In high school, we called them “club-parties.” I think now I’d call them raves — old warehouses in empty parts of downtown taken over for the night by DJs playing electronic dance music, hundreds of teenagers from every high school in Denver, black lights, neon. A bit of molly and a lot of coke. Gatorade bottles or flasks filled with liquor and stuffed in your bra or stashed behind a dumpster outside.

I don’t remember half the shit my friends told their parents to be there. “We’re staying over at the house that so-and-so babysits at because the kids’ parents will be out late,” “I’m staying at Afton’s tonight, but her mom is out of town,” etc. etc. etc. I think I probably actually told my mom about the parties but emphasized the security and downplayed everything else (not that that honesty carried over in all areas — I definitely lied to vouch for friends to their parents.)

Something about these nights was beautiful — they were the only times I remember seeing kids from high schools in every part of the city come together (especially notable was the mixing of public and private schools, which is so rare in Denver). The parties were planned by “representatives,” essentially, from each high school who worked together to organize and then market the events within their individual schools.

A lot was not beautiful. With all-male DJs and all-male (and mostly useless) security outside, the spaces felt male-governed before you even entered. I remember one warehouse specifically that had metal walkways above the dance floors in the two big rooms like balconies. I heard the teenage boys calling things out over the music that shook the room before I saw them gawking from above. At one point, I went up to the walkway in the air to look for friends who had disappeared and the hands and comments made me feel like I was being strangled by the pathway itself.

On the dance floor, the number of people seemed to be every boy’s unspoken excuse for touching every part of you as you walked by.

At a different warehouse, on a different night, I found my waist clutched tightly from behind by someone who made no introduction except by the smell of his fruity 5 Gum by the side of my face and then in my mouth. He kept sliding his fingers under the waistband of my jean shorts, and I kept moving them back to my hips — with no idea that I had any other option.

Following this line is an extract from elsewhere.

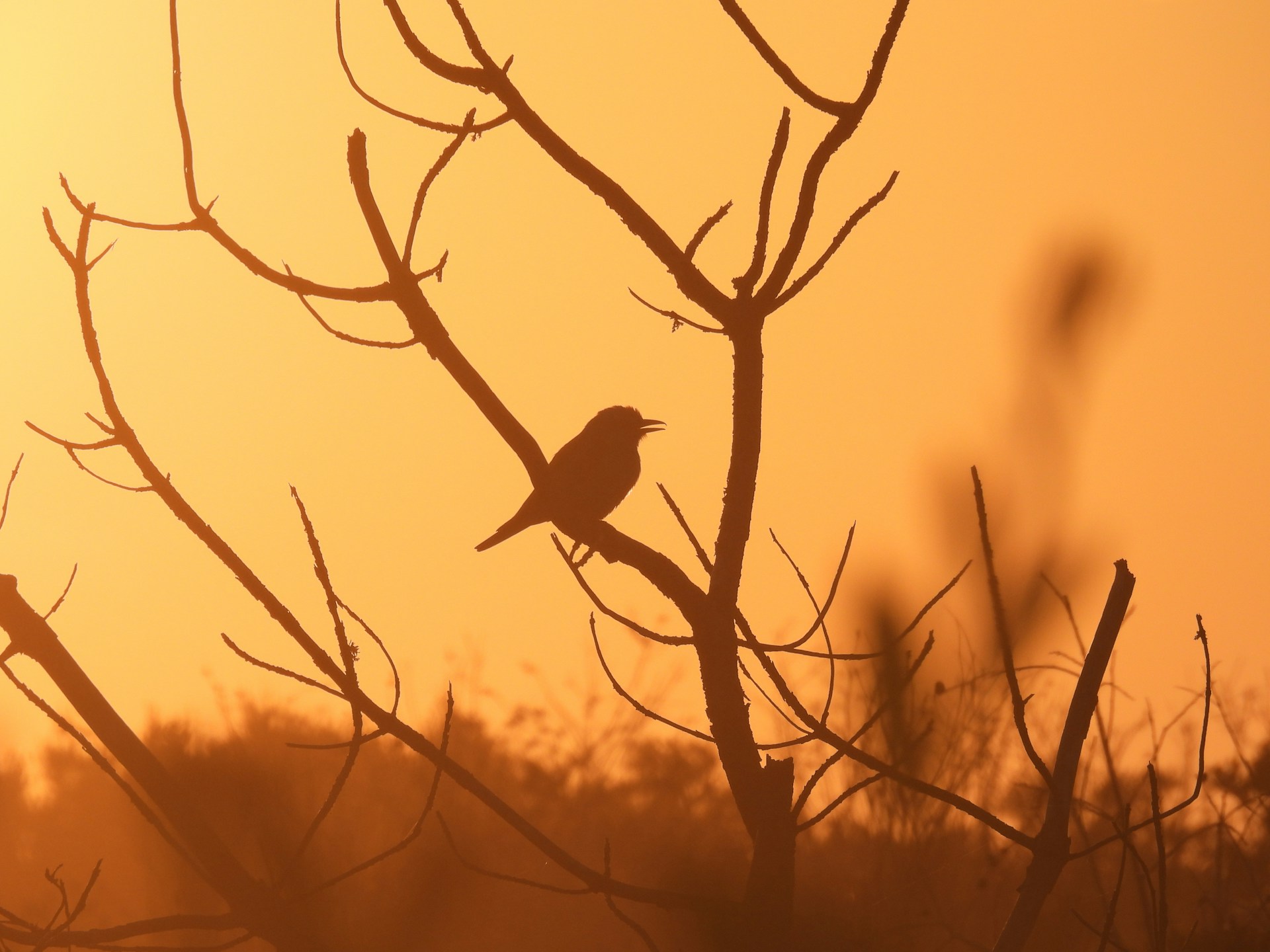 Loomad ja nende hääled (lasteaed)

Even though I didn’t want what was happening, I thought the fact that he wanted me probably meant I was doing something right.

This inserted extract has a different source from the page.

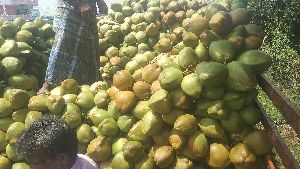 TENDER COCONUT PULP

I resorted to looking down at the ground to try to keep his tongue out of my mouth and continuing to move my hips to keep from being labeled a prude.

When I finally did look up, I saw my friend through the crowd in front of me with a boy’s hands up her skirt fingering her. She was shaking her hips like me, terrified of rejecting the advances of a man (particularly surrounded by so many others ready to latch on in this space of unchecked male entitlement) but she was also looking at me, mouthing HELP.